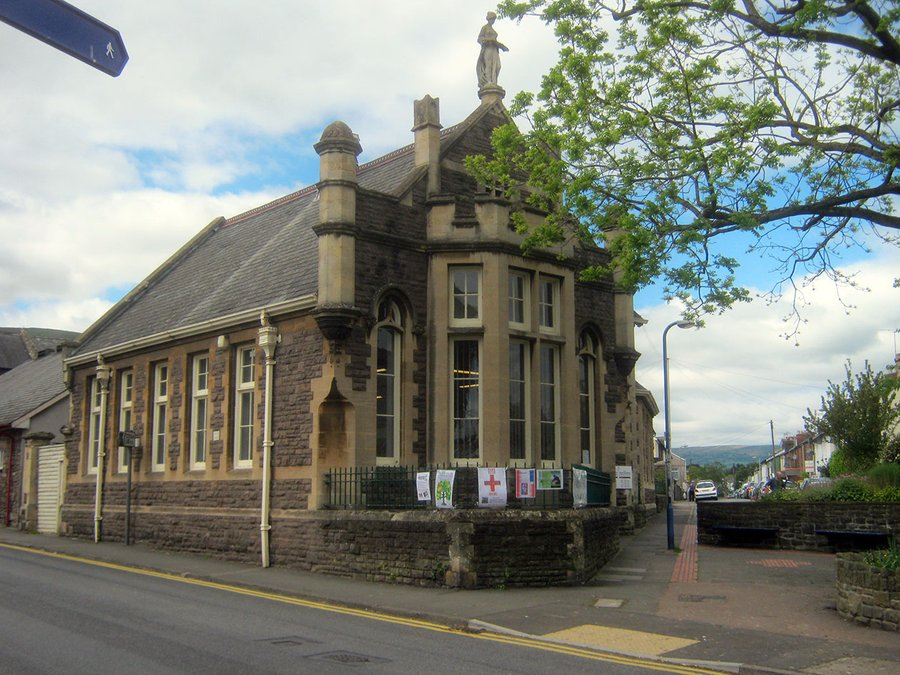 🇬🇧Wielka Brytania: Abergavenny. Historyczną Bibliotekę Carnegie przerobią na meczet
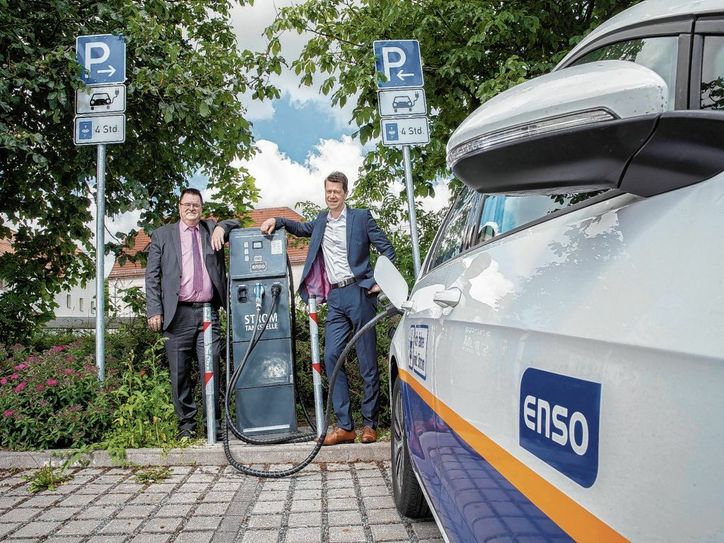 Der Bannewitzer Bürgermeister Christoph Fröse und ENSO-Kommunalvertriebsleiter Gunnar Schneider (v.l.n.r.) nehmen die Ladesäule in Betrieb. Foto: ENSO/Lutz Weidler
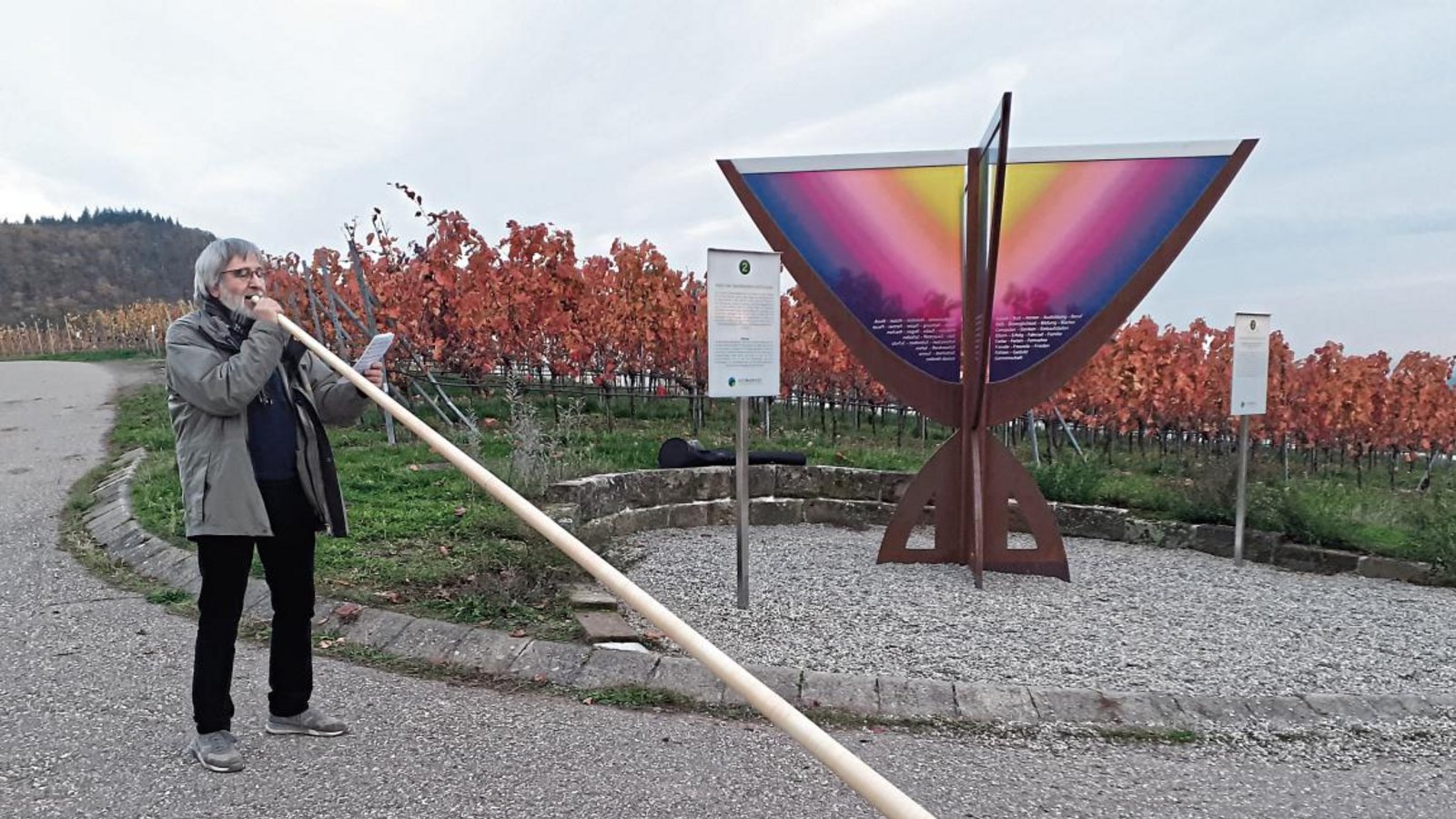 Der Esslinger Alphornbläser Wolfgang Sczuka spielt auf und die Spaziergänger freut’s. Foto: Glemser Der Esslinger Alphornbläser Wolfgang Sczuka spielt auf und die Spaziergänger freut’s. Foto: Glemser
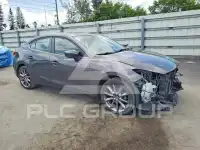 2018 Mazda 3 фото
———
= What to do =
Give the data above again, exactly and completely. No pictures go in.

= Result =
 🇬🇧Wielka Brytania: Abergavenny. Historyczną Bibliotekę Carnegie przerobią na meczet
 Der Bannewitzer Bürgermeister Christoph Fröse und ENSO-Kommunalvertriebsleiter Gunnar Schneider (v.l.n.r.) nehmen die Ladesäule in Betrieb. Foto: ENSO/Lutz Weidler
 Der Esslinger Alphornbläser Wolfgang Sczuka spielt auf und die Spaziergänger freut’s. Foto: Glemser Der Esslinger Alphornbläser Wolfgang Sczuka spielt auf und die Spaziergänger freut’s. Foto: Glemser
 2018 Mazda 3 фото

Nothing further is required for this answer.